I was going to ask a video about the Linformer, but you are way too fast. Great job man!

@MatsErikPistol 4 жыл бұрын

Thanks for the video. Would it be possible to learn the projection? You allude to it in the video.

@YannicKilcher 4 жыл бұрын

I guess, but you'd lose all the good properties.

@howardkong8927 2 жыл бұрын

I'm not very convinced... As I understand, what this paper is saying is essentially this: If I say a very long sentence of n words, where each word carry an information vector of constant length d, you can compress the information into a matrix of size O(dlog(d)) regardless of n. In other words, if I say a long enough sentence, most of the words are going to be completely gibberish and can be safely ignored?

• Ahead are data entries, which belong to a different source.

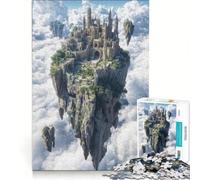 Jigsaw Puzzles 1000 Piece for Adults Floating Castle in The Clouds, Impossible Game, Parent-child Interaction, Wishlist with Santa Claus 38x26cm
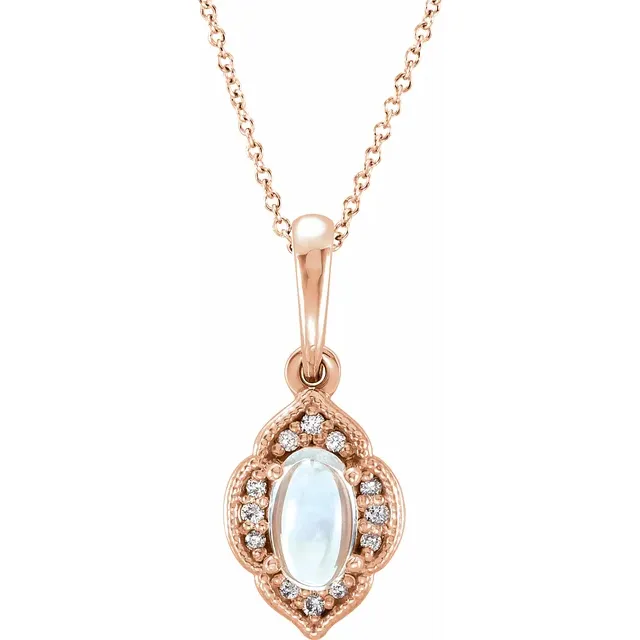 14K Yellow Rainbow Moonstone & .03 CTW Diamond Clover Pendant-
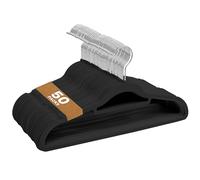 Sasha Morel Confezione da 50 grucce appendiabiti in velluto antiscivolo, per vestiti, salvaspazio, per adulti, con organizer per cravatte e ganci girevoli, appendiabiti per armadio, colore nero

@souradipchakraborty7071 4 жыл бұрын

One question I have is that is there any logical/theoretical reason why the softmax delays that stability point ?? One thing coming on my mind is regarding the reduction in variance that happens due to that and possible that is the reason, not sure ?

@YannicKilcher 4 жыл бұрын

Good question, I have no idea.

@souradipchakraborty7071 4 жыл бұрын

@@YannicKilcher Hahaha True. Actually, I am doing some research on this. The interesting thing is that JL lemma doesn't mention anything about low-rank matrices and their claim is for general any matrix. I don't know how JL lemma is relevant in this case as well.

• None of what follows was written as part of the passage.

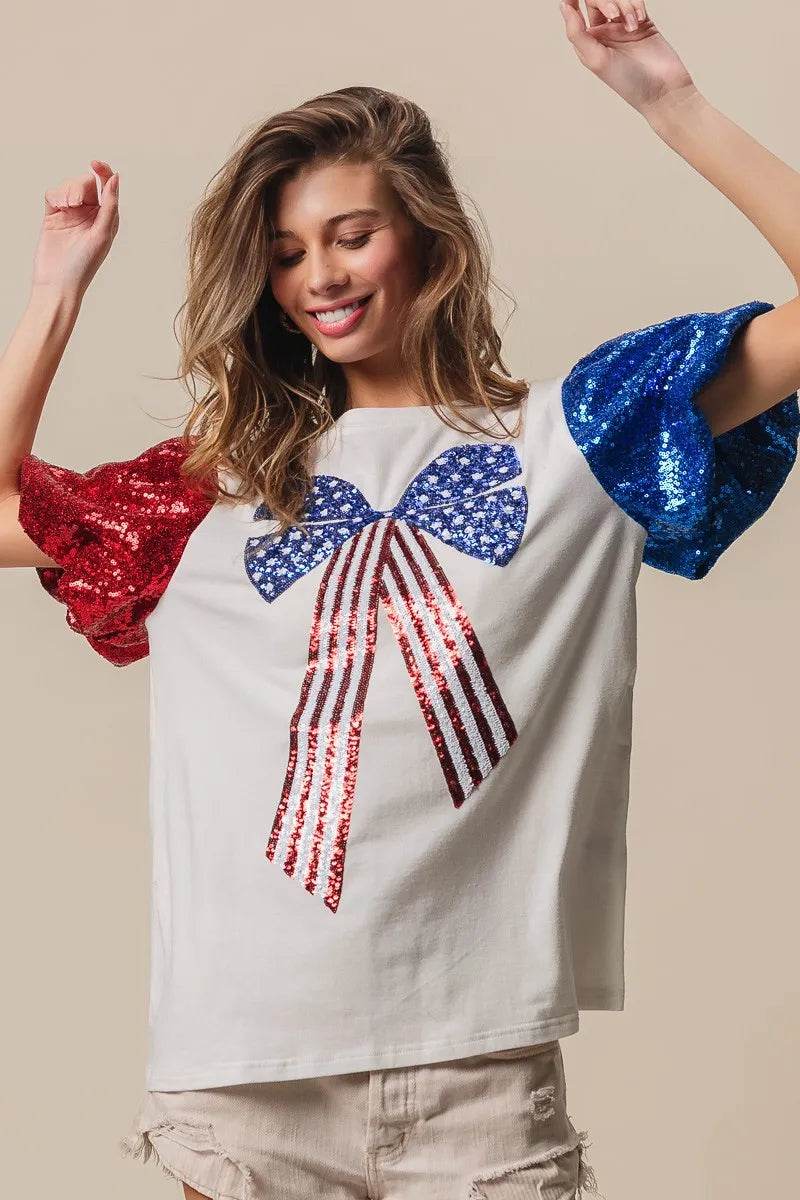 BiBi Sequin American Flag Bow Top - Shop Style & More | Fresh Looks, Everyday Deals & Free Shipping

@shivamraisharma1474 3 жыл бұрын

@@souradipchakraborty7071 they probably just saw that the data doesn't need to be that high in dimensionality empirically and just used the JL lemma to project it into a lower dimension, I naively think that this paper was just an extensive work to make a simple intuition work

@mathematicalninja2756 4 жыл бұрын

This is more like using SVD on the routing matrix. Sure, you can use this in production to reduce the model size but you will have to train it in O(n**2) way I think

@charlesfoster6326 4 жыл бұрын

You won't. Training is also O(nk). So long as you use a small k, it's effectively linear in time and space complexity with respect to the sequence length.

@Kerrosene 4 жыл бұрын

Hi Yannic, One quick question, How long did it take you to read and make sense of this paper? And, how long in general would it take you to read a paper like this (fairly mathematical)?

@YannicKilcher 4 жыл бұрын

This one I was quite confused by, it took me multiple hours and a night's sleep.

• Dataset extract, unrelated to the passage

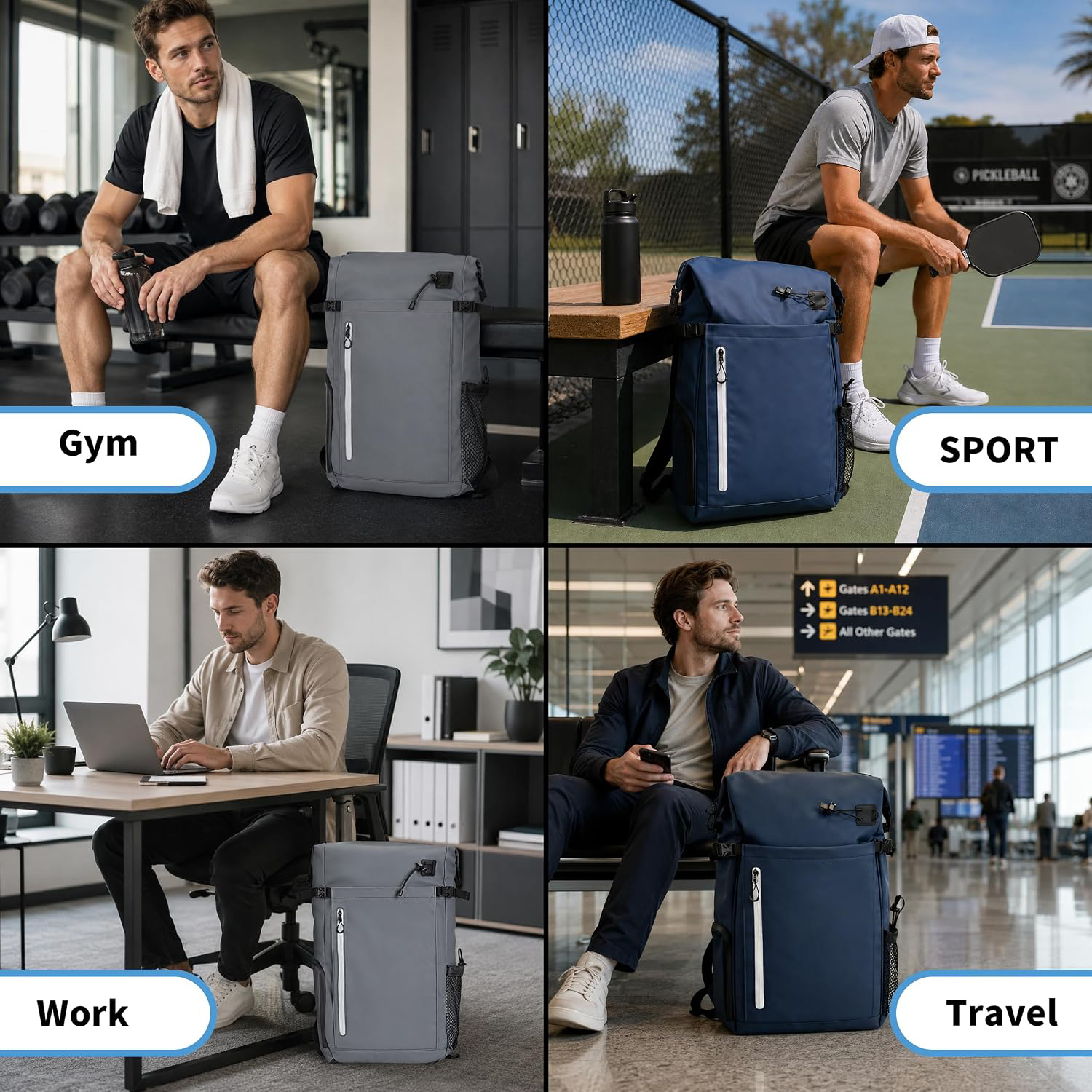 Fashion Tennis Pickleball Badminton Sports Bag High Aesthetic Value Outdoor Large Capacity Single Shoulder Waterproof Polyester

@scottmiller2591 4 жыл бұрын

That future Yannic is pretty smart.

@YannicKilcher 4 жыл бұрын

I gave him my number. xoxo

@stefans.8027 4 жыл бұрын

I like your videos going into details and help to understand the paper. But: you might know 2minutepapers... these are really nice to just get a short look into the key point and i can read further into them. What do you think about some short episodes... just looking into the papers and other episodes going more into details... view count and comment will tell you how to balance. Keep it up!

@YannicKilcher 4 жыл бұрын

yea I feel there are already many channels that do that and I'm not good at keeping it short :)

@sucim 3 жыл бұрын

@@YannicKilcher The kids want long form content! ;) (approximate credit goes to Lex Fridman)

@taylorchu 4 жыл бұрын

what do they do with padding mask?

@YannicKilcher 4 жыл бұрын

Good question. Don't know.

@herp_derpingson 4 жыл бұрын

There is no such thing as free lunch. The big O notation ignores the constants. In practice, we might find that for some problems the rank is not just ln(n) but c * ln(n) where c is very close to n. Also this getting rid of higher dimensions, reminds me of SqueezeNet. . Regardless, I think this will be used a lot in mobile devices in the future. . Very honest Broader Impact Statement. If this gets accepted I think all papers in the future will simply write, "We see no immediate negative effects beyond what applies to core machine learning" and be done with it.

@YannicKilcher 4 жыл бұрын

That's true, but in the ideal case where the matrix is truly low-rank, there is actual speed-up to be gained for free. It's like there are different ways to implement the same algorithm and some are just faster.

@herp_derpingson 4 жыл бұрын

I am excited to see what Broader Impact Statement other authors are able to conjure.